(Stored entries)
▶

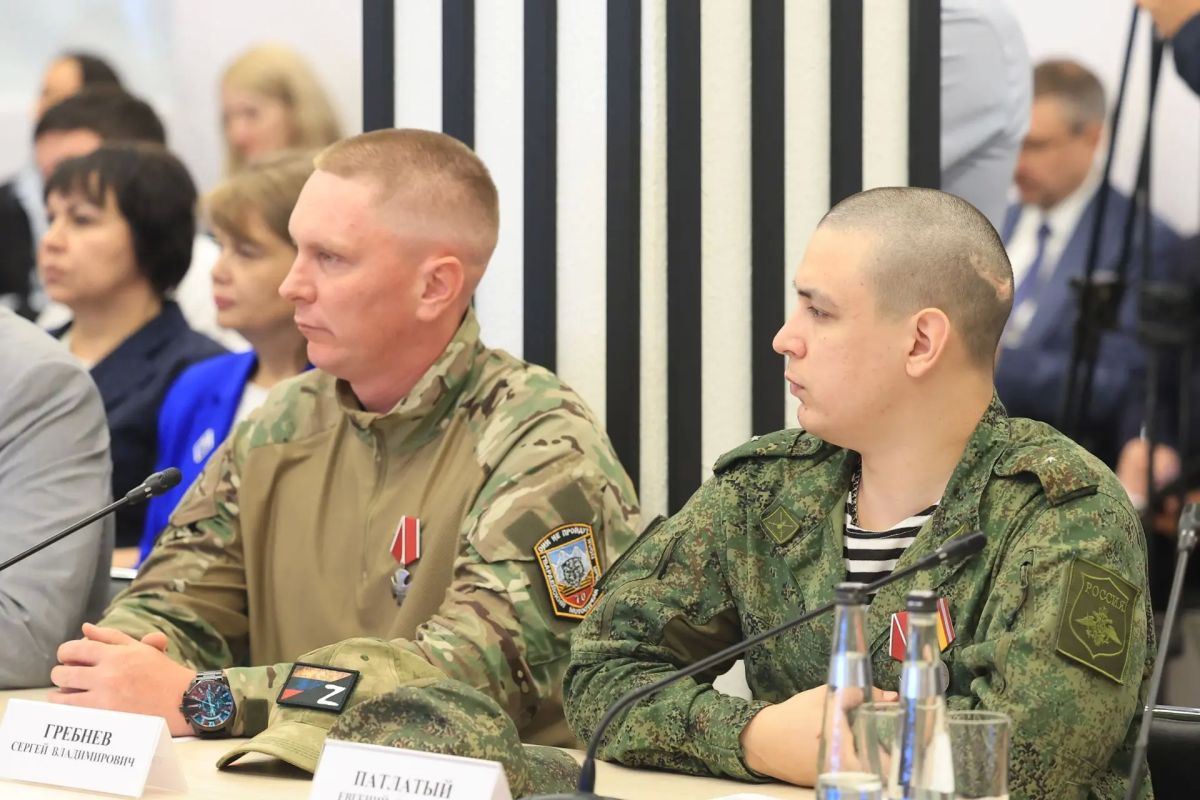 «Считаю, сегодня не время для проведения больших масштабных праздничных мероприятий, различных шоу с салютами, фейерверками и громогласными яркими тостами.Необходимо сосредоточиться на выполнении стоящих перед нами очень... «Считаю, сегодня не время для проведения больших масштабных праздничных мероприятий, различных шоу с салютами, фейерверками и громогласными яркими тостами.Необходимо сосредоточиться на выполнении стоящих перед нами очень...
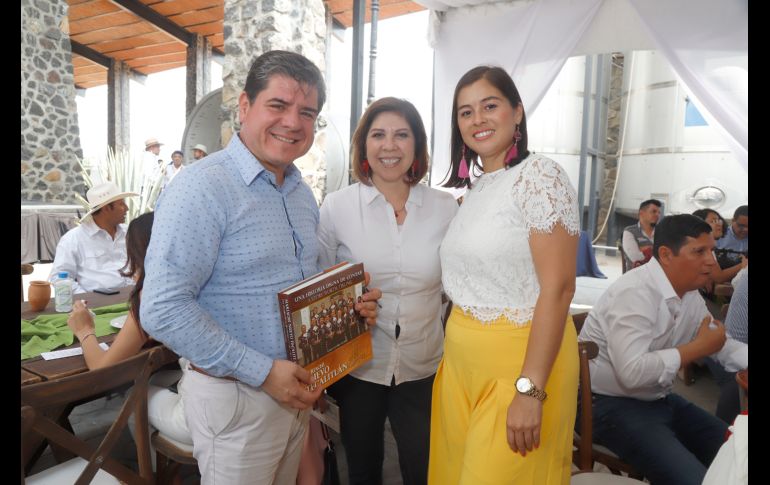 Ángel Martínez, Lucy Pérez y Minerva Aguiar. GENTE BIEN JALISCO/Claudio Jimeno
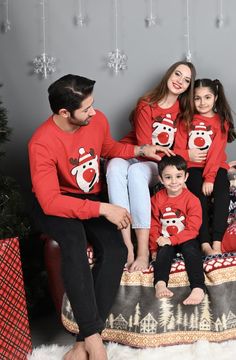 Festive Activities, Palm Mehndi Design, Christmas Pjs, Christmas Photo, Matching Family Outfits, Family Traditions, Family Outfits, Loved Ones, Christmas Photos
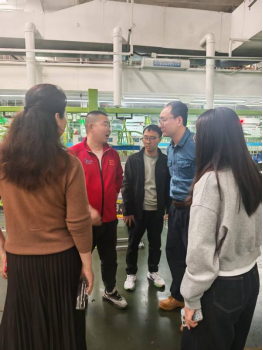 世界杯官网2023级辅导员赴美的集团走访看望实习学生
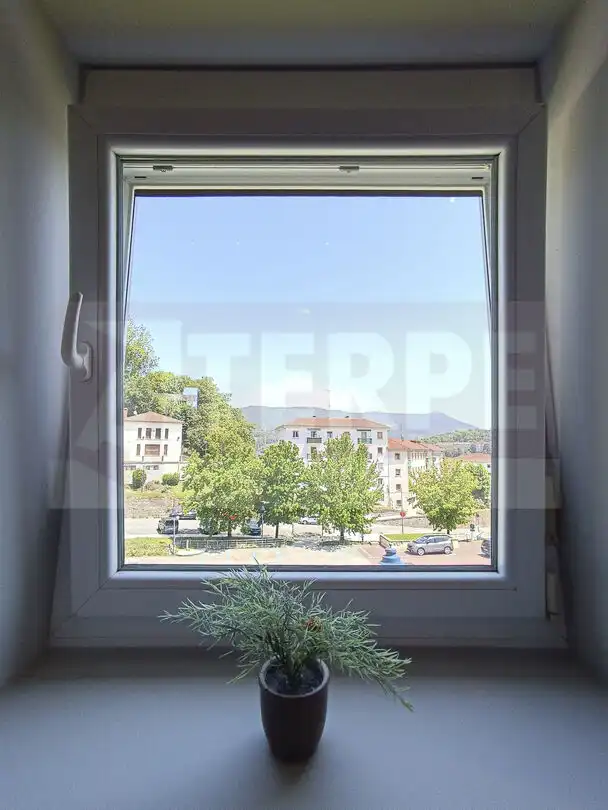 Vista exterior de Piso en venta en Errenteria con Calefacción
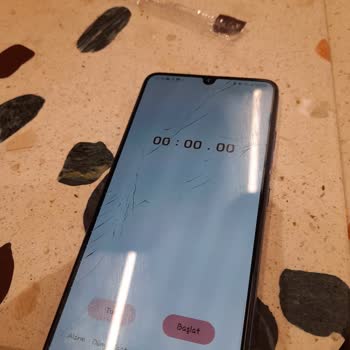 Şoförün Ani Freni Telefon Ekranımı Kırdı Ve Tazminat Talebi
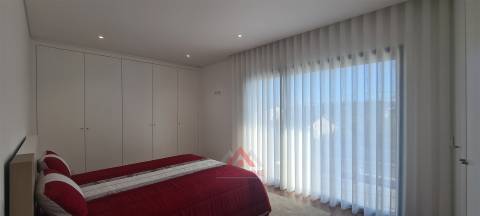 Apartamento T3 - Terraço c/ churrasqueira / Garagem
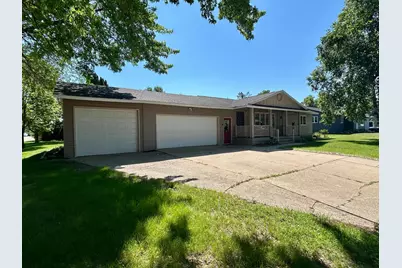 1006 10th Street SW, Wadena, MN 56482 - Photo 1
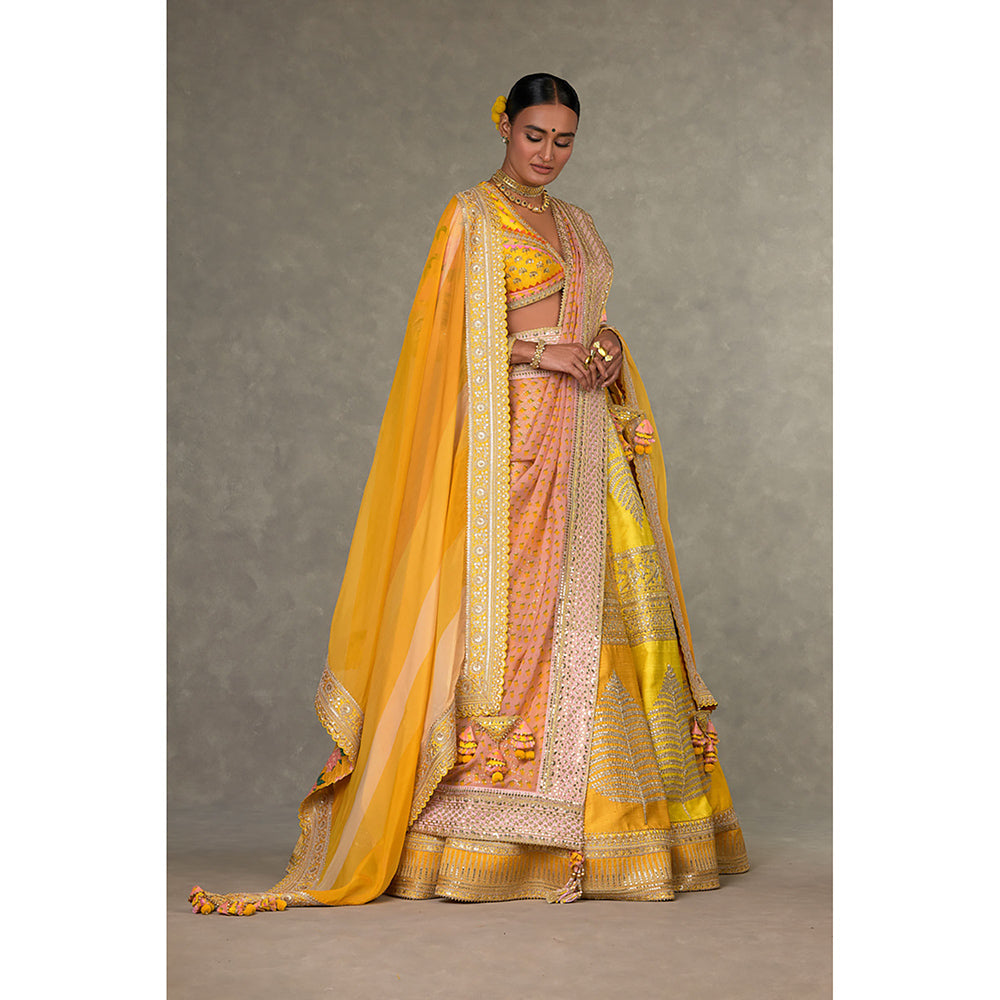 Masaba Yellow Sorbet Paan-Patti Lehenga Choli with 2 Dupatta & Can Can Skirt (Set of 5)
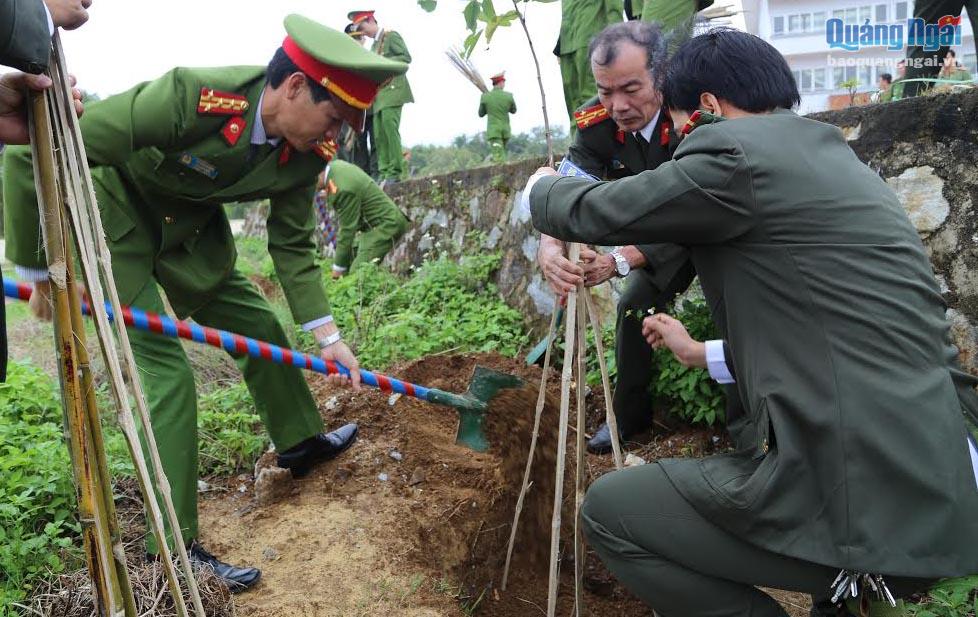 Lực lượng Công an tỉnh trồng cây xanh tại Dung Quất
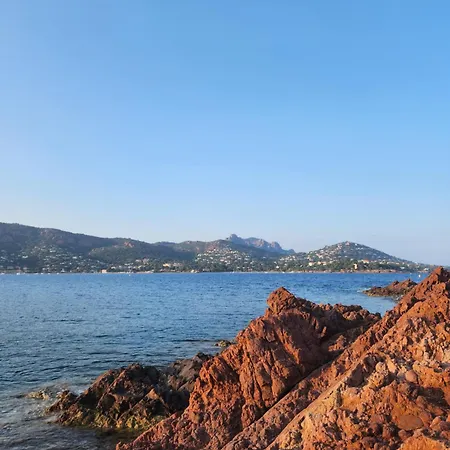 Location 2 Pieces A Agay アパート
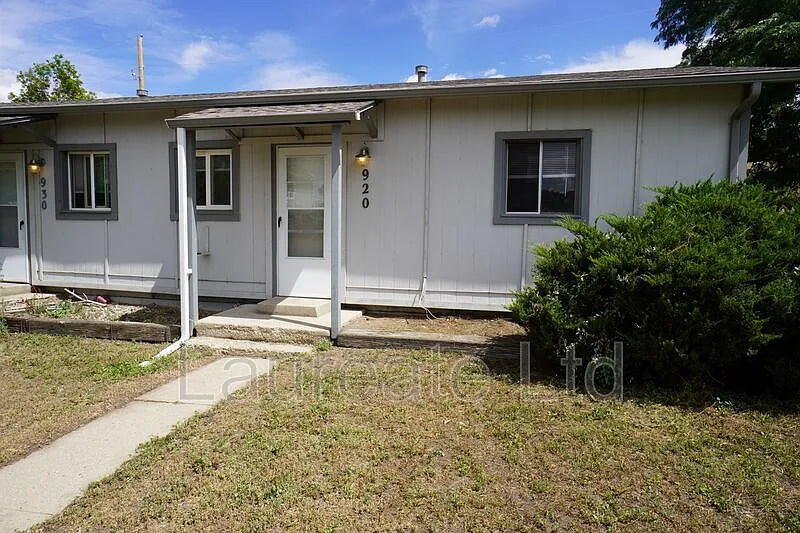 2 bed, 1.0 bath, 600 sqft, $1,895 — Photo 1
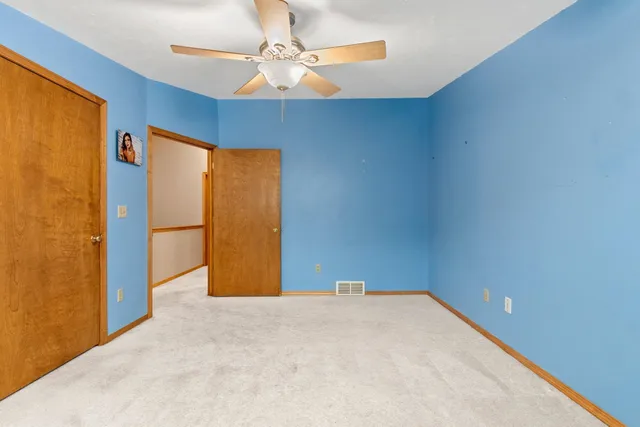 $219,900 | 2575 Telluride Trail, Unit E, Howard, WI 54313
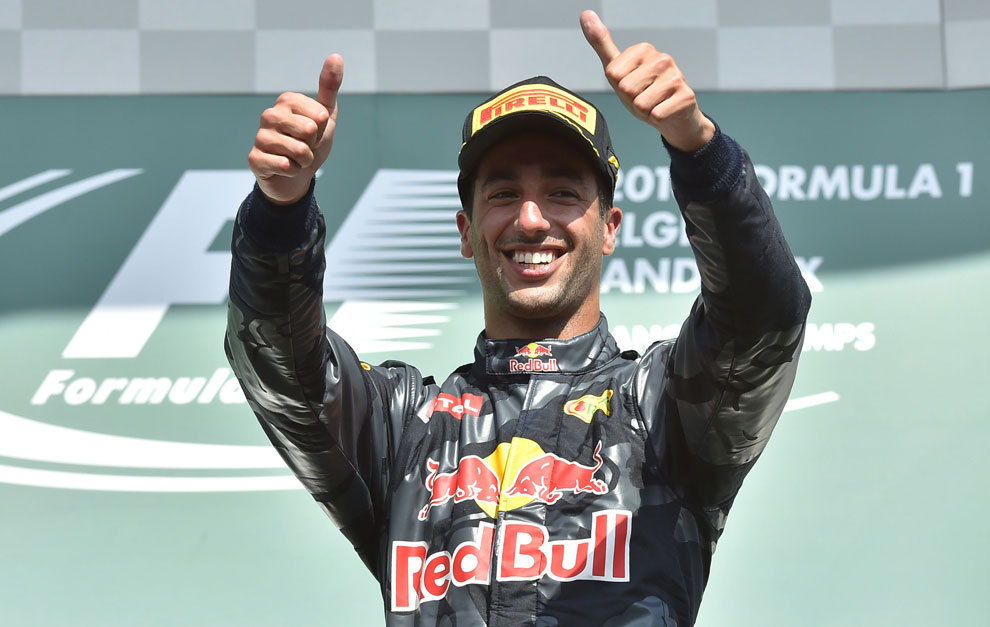 Ricciardo celebra su segundo puesto en Spa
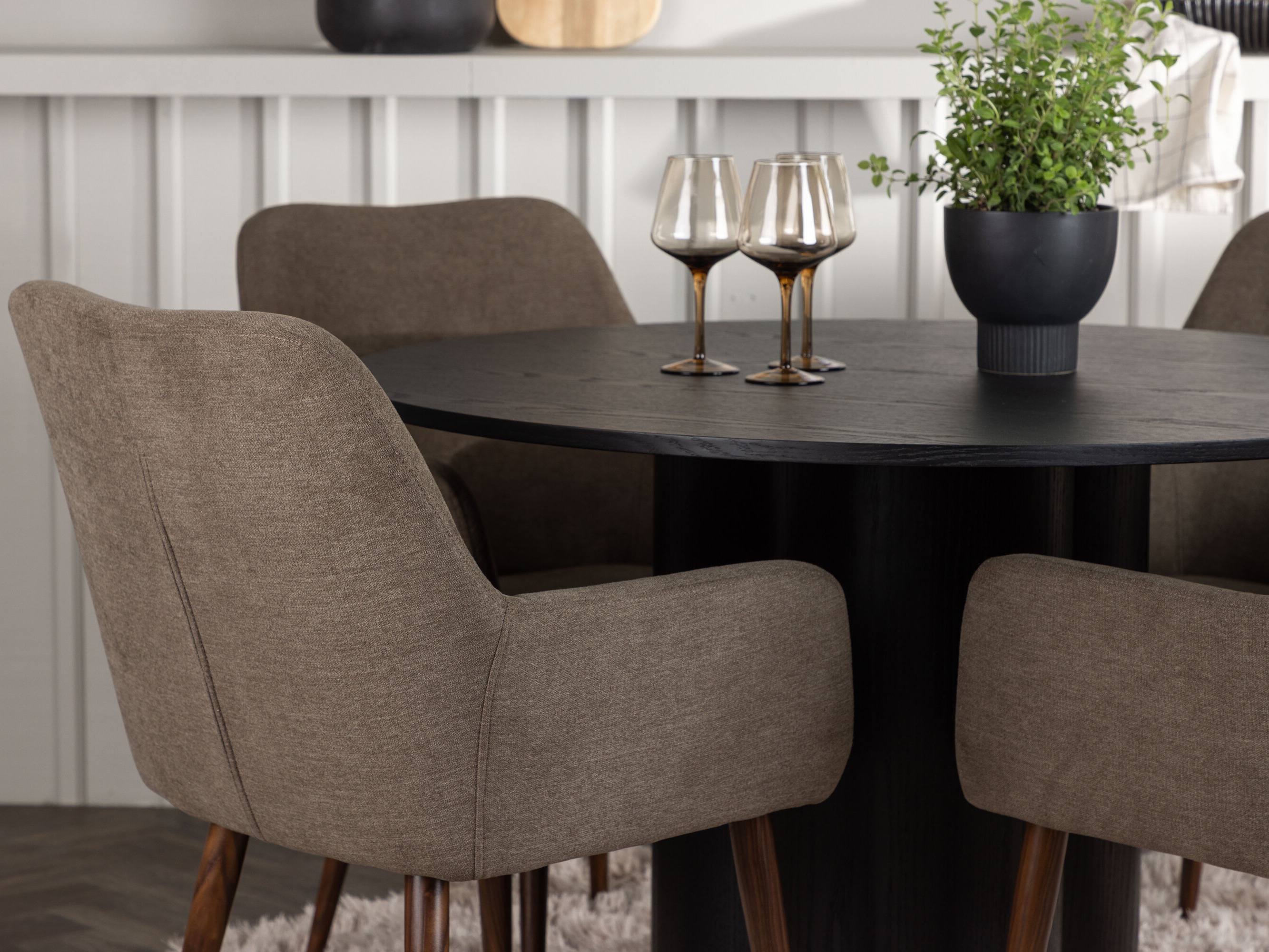 Valgomojo komplektas Dallas 5007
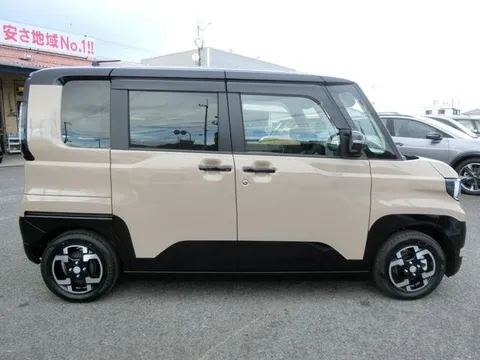 Mitsubishi Delica Mini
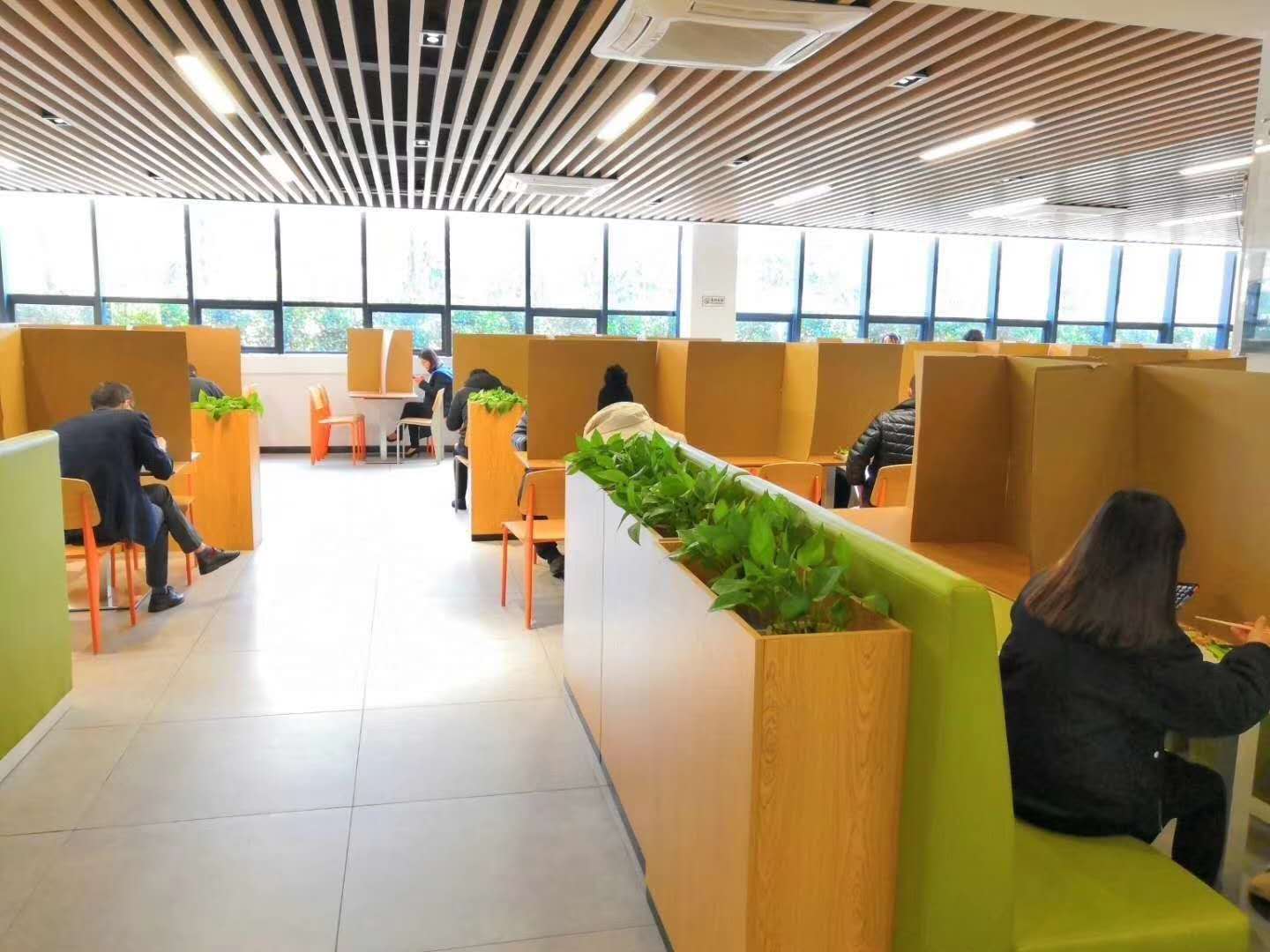 食堂餐桌隔離板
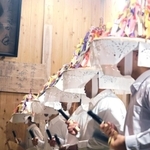 久谷八幡神社の宵祭りで奉納された「久谷ざんざか踊り」＝１４日夜、新温泉町久谷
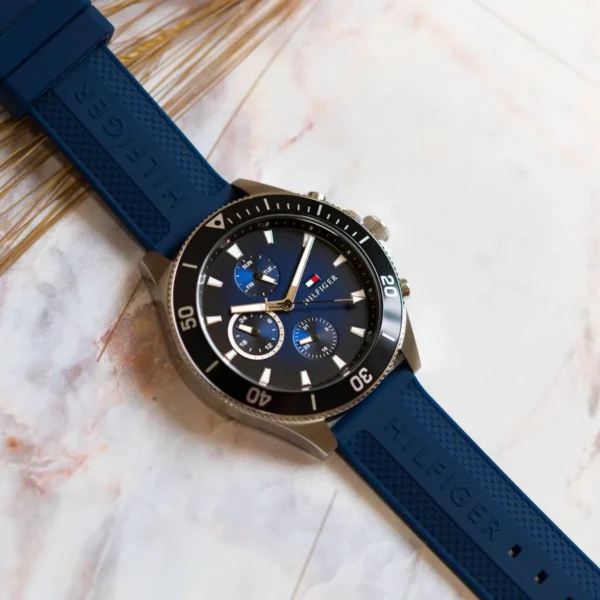 Montre Tommy Hilfiger Bleu — FAVORI Maroc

◀

EXERCISE OBJECTIVE:
Every line from the one containing "Şoförün Ani Freni" through the end of the records is to be returned exactly, and those lines alone; pictures are dropped.

TASK SOLUTION:
 Şoförün Ani Freni Telefon Ekranımı Kırdı Ve Tazminat Talebi
 Apartamento T3 - Terraço c/ churrasqueira / Garagem
 1006 10th Street SW, Wadena, MN 56482 - Photo 1
 Masaba Yellow Sorbet Paan-Patti Lehenga Choli with 2 Dupatta & Can Can Skirt (Set of 5)
 Lực lượng Công an tỉnh trồng cây xanh tại Dung Quất
 Location 2 Pieces A Agay アパート
 2 bed, 1.0 bath, 600 sqft, $1,895 — Photo 1
 $219,900 | 2575 Telluride Trail, Unit E, Howard, WI 54313
 Ricciardo celebra su segundo puesto en Spa
 Valgomojo komplektas Dallas 5007
 Mitsubishi Delica Mini
 食堂餐桌隔離板
 久谷八幡神社の宵祭りで奉納された「久谷ざんざか踊り」＝１４日夜、新温泉町久谷
 Montre Tommy Hilfiger Bleu — FAVORI Maroc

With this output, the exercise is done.